Brief:
Write out exactly, and only, the lines from the one containing "пряный гуляш из говядины на сковороде. Шаг 8" through the last line of the listing below.

Provided records:
******
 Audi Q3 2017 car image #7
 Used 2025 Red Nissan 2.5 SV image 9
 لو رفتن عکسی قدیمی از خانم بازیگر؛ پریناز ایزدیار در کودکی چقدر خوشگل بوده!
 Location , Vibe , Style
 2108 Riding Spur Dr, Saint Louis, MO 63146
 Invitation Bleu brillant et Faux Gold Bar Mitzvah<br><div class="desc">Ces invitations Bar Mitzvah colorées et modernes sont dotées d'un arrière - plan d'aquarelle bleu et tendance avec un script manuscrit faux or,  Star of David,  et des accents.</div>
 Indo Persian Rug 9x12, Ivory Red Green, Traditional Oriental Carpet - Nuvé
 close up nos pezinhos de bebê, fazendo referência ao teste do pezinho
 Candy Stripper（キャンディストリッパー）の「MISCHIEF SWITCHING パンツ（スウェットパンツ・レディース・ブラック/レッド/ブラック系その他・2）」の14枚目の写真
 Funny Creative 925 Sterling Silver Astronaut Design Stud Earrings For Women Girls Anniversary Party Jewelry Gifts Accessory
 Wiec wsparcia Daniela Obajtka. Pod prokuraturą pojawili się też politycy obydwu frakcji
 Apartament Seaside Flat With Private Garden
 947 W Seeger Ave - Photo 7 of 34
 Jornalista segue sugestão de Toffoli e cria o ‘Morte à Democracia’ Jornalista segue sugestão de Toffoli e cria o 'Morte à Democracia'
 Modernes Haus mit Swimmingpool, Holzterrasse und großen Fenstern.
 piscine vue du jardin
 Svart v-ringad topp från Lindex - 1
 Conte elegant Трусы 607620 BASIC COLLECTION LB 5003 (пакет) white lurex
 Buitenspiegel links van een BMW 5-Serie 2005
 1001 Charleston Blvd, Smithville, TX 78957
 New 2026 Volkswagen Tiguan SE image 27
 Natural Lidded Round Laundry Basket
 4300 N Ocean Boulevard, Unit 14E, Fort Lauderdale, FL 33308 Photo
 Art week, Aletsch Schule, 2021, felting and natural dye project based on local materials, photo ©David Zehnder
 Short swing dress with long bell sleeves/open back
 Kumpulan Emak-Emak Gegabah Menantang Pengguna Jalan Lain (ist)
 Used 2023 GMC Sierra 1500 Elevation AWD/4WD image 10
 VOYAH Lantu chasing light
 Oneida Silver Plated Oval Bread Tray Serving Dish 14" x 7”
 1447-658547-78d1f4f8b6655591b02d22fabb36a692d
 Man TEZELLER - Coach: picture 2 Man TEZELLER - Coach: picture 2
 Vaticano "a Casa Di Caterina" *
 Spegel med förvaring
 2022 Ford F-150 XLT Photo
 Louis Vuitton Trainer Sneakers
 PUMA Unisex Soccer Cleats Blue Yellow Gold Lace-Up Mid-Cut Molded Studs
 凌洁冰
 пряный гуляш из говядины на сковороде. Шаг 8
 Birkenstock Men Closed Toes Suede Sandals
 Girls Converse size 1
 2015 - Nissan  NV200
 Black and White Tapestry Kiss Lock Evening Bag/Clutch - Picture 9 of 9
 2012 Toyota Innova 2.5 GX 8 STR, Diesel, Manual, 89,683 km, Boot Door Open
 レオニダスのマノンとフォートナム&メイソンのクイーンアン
******
Response for this exercise:
 пряный гуляш из говядины на сковороде. Шаг 8
 Birkenstock Men Closed Toes Suede Sandals
 Girls Converse size 1
 2015 - Nissan  NV200
 Black and White Tapestry Kiss Lock Evening Bag/Clutch - Picture 9 of 9
 2012 Toyota Innova 2.5 GX 8 STR, Diesel, Manual, 89,683 km, Boot Door Open
 レオニダスのマノンとフォートナム&メイソンのクイーンアン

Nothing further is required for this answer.